● Description of the task
Below are some records. Write out the line that contains "That's how customisable" and all lines after it, exactly, but not the pictures.

● Recorded data
^^^^^^^^

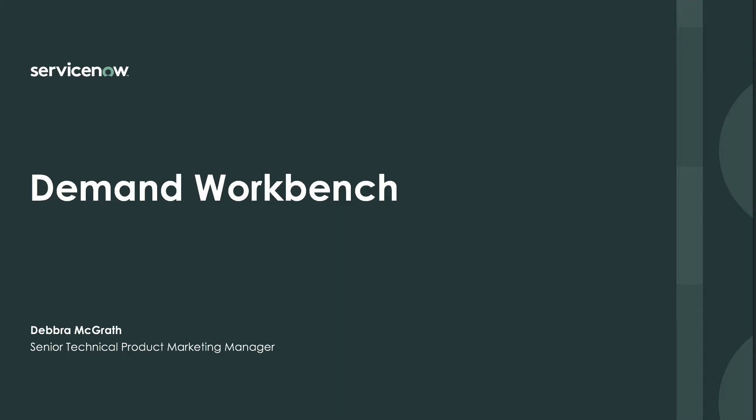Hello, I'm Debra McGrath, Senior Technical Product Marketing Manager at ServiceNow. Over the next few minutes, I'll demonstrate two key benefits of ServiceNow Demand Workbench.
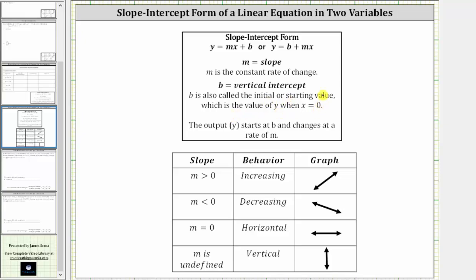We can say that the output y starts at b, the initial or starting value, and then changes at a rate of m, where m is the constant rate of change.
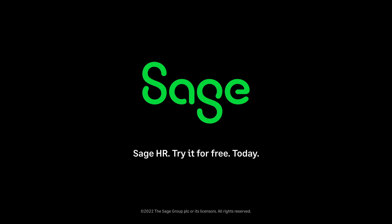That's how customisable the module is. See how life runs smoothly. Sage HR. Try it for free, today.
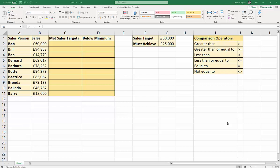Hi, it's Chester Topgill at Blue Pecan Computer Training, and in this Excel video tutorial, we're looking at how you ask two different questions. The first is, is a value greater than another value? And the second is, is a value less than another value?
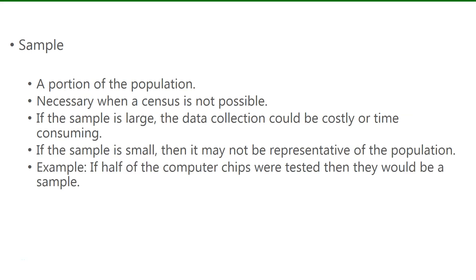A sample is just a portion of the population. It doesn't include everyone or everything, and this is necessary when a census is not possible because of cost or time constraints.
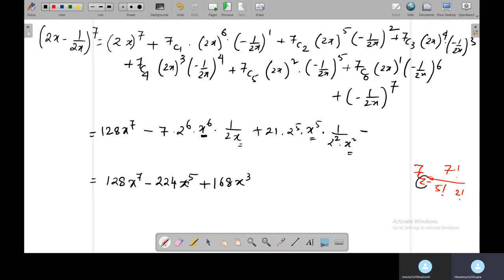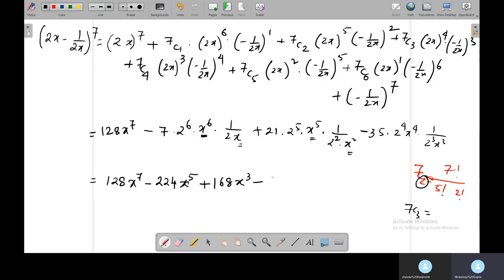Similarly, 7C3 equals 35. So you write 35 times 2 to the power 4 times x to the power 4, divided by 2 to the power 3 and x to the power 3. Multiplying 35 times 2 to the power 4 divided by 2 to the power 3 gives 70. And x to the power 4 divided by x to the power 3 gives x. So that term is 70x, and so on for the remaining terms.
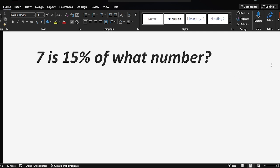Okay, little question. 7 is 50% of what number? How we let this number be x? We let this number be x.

^^^^^^^^

● Exercise solution
That's how customisable the module is. See how life runs smoothly. Sage HR. Try it for free, today.
Hi, it's Chester Topgill at Blue Pecan Computer Training, and in this Excel video tutorial, we're looking at how you ask two different questions. The first is, is a value greater than another value? And the second is, is a value less than another value?
A sample is just a portion of the population. It doesn't include everyone or everything, and this is necessary when a census is not possible because of cost or time constraints.
Similarly, 7C3 equals 35. So you write 35 times 2 to the power 4 times x to the power 4, divided by 2 to the power 3 and x to the power 3. Multiplying 35 times 2 to the power 4 divided by 2 to the power 3 gives 70. And x to the power 4 divided by x to the power 3 gives x. So that term is 70x, and so on for the remaining terms.
Okay, little question. 7 is 50% of what number? How we let this number be x? We let this number be x.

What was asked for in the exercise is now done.